WORK TO COMPLETE:
Find the line below with "I couldn't really" and the line with "Another method that". Output exactly those lines and everything between them, leaving out the pictures.

TASK INPUTS:
####
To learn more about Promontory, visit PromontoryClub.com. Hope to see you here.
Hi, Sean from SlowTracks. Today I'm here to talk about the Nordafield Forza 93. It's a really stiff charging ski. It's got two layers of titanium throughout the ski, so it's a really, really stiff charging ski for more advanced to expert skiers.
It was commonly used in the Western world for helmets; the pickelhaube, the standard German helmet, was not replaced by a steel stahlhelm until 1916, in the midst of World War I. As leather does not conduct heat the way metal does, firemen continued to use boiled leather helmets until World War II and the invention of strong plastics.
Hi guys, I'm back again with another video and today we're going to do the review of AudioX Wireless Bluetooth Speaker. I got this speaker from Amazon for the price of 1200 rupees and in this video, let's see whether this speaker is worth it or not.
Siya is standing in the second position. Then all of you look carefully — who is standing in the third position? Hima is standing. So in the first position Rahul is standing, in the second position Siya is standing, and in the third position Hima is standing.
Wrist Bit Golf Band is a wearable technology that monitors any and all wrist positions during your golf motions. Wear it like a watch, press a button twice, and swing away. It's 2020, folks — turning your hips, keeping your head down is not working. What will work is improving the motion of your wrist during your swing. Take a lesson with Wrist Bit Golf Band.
####
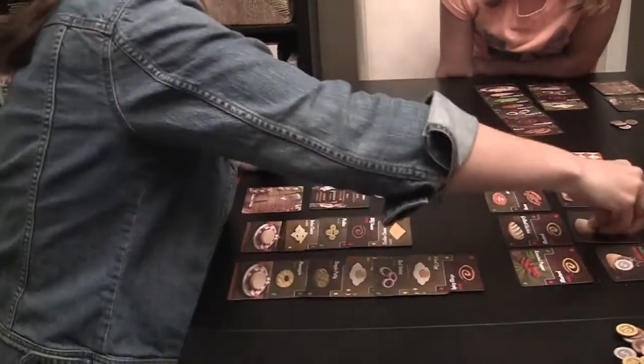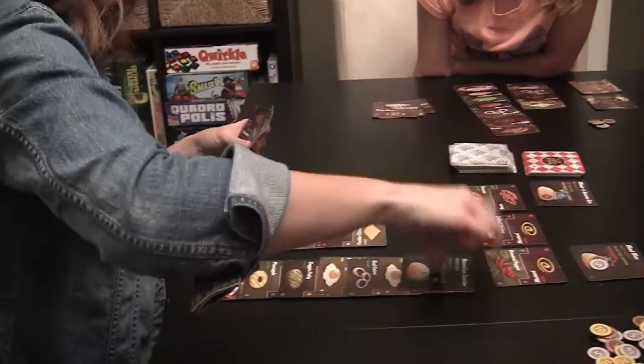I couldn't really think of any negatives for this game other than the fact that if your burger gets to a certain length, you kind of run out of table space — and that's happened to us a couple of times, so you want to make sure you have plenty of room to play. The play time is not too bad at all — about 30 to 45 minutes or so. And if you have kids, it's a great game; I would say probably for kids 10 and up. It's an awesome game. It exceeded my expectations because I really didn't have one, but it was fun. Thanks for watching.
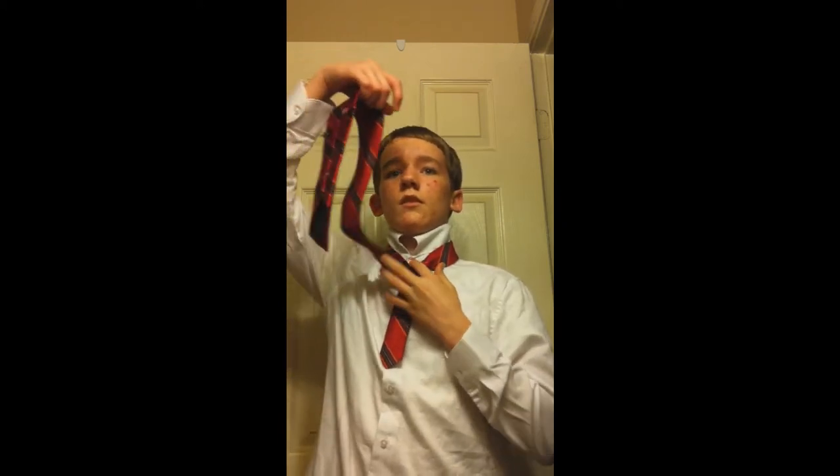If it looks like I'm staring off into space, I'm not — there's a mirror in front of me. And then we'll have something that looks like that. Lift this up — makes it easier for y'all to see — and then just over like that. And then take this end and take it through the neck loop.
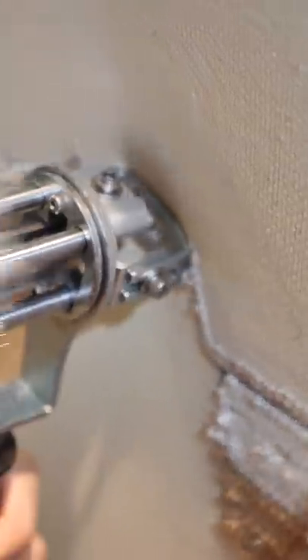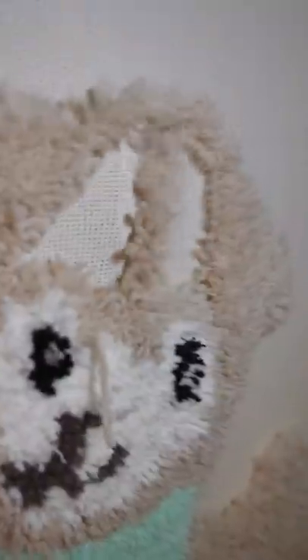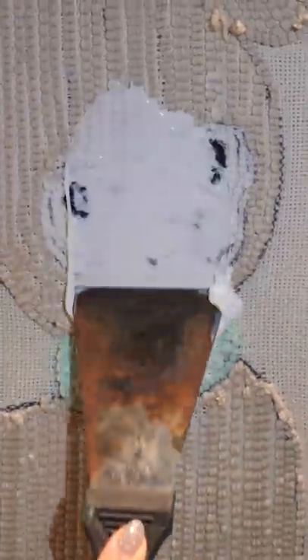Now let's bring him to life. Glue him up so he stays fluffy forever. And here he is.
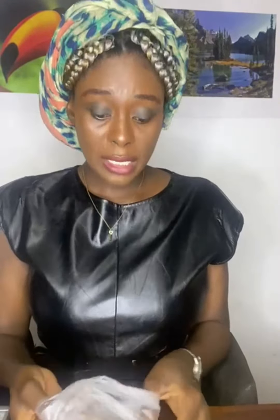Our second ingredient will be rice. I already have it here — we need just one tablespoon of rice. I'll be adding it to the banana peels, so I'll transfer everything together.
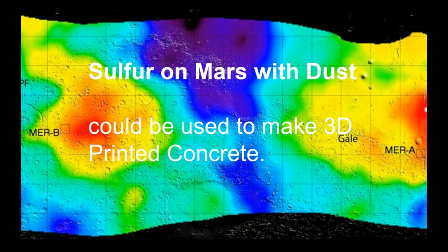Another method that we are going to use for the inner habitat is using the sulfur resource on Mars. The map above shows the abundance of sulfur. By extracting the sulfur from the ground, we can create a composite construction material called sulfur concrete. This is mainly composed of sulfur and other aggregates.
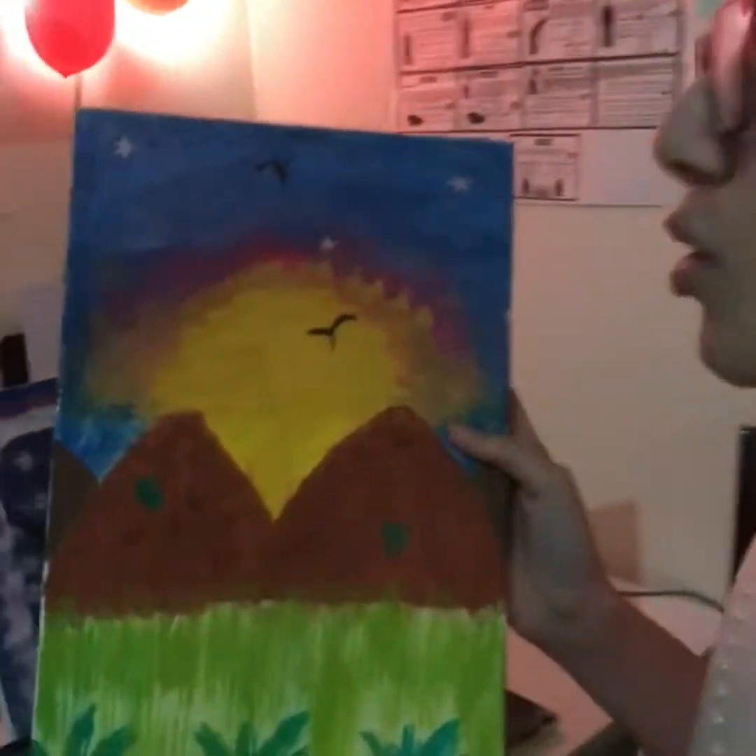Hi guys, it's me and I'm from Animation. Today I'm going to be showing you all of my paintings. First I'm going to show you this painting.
####
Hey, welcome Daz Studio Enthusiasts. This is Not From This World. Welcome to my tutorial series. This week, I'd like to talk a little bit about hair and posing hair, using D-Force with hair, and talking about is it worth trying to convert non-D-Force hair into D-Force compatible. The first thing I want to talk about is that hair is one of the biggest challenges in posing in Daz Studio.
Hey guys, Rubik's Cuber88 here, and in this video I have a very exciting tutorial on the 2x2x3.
####
RESULT OF THIS TASK:
I couldn't really think of any negatives for this game other than the fact that if your burger gets to a certain length, you kind of run out of table space — and that's happened to us a couple of times, so you want to make sure you have plenty of room to play. The play time is not too bad at all — about 30 to 45 minutes or so. And if you have kids, it's a great game; I would say probably for kids 10 and up. It's an awesome game. It exceeded my expectations because I really didn't have one, but it was fun. Thanks for watching.
If it looks like I'm staring off into space, I'm not — there's a mirror in front of me. And then we'll have something that looks like that. Lift this up — makes it easier for y'all to see — and then just over like that. And then take this end and take it through the neck loop.
Now let's bring him to life. Glue him up so he stays fluffy forever. And here he is.
Our second ingredient will be rice. I already have it here — we need just one tablespoon of rice. I'll be adding it to the banana peels, so I'll transfer everything together.
Another method that we are going to use for the inner habitat is using the sulfur resource on Mars. The map above shows the abundance of sulfur. By extracting the sulfur from the ground, we can create a composite construction material called sulfur concrete. This is mainly composed of sulfur and other aggregates.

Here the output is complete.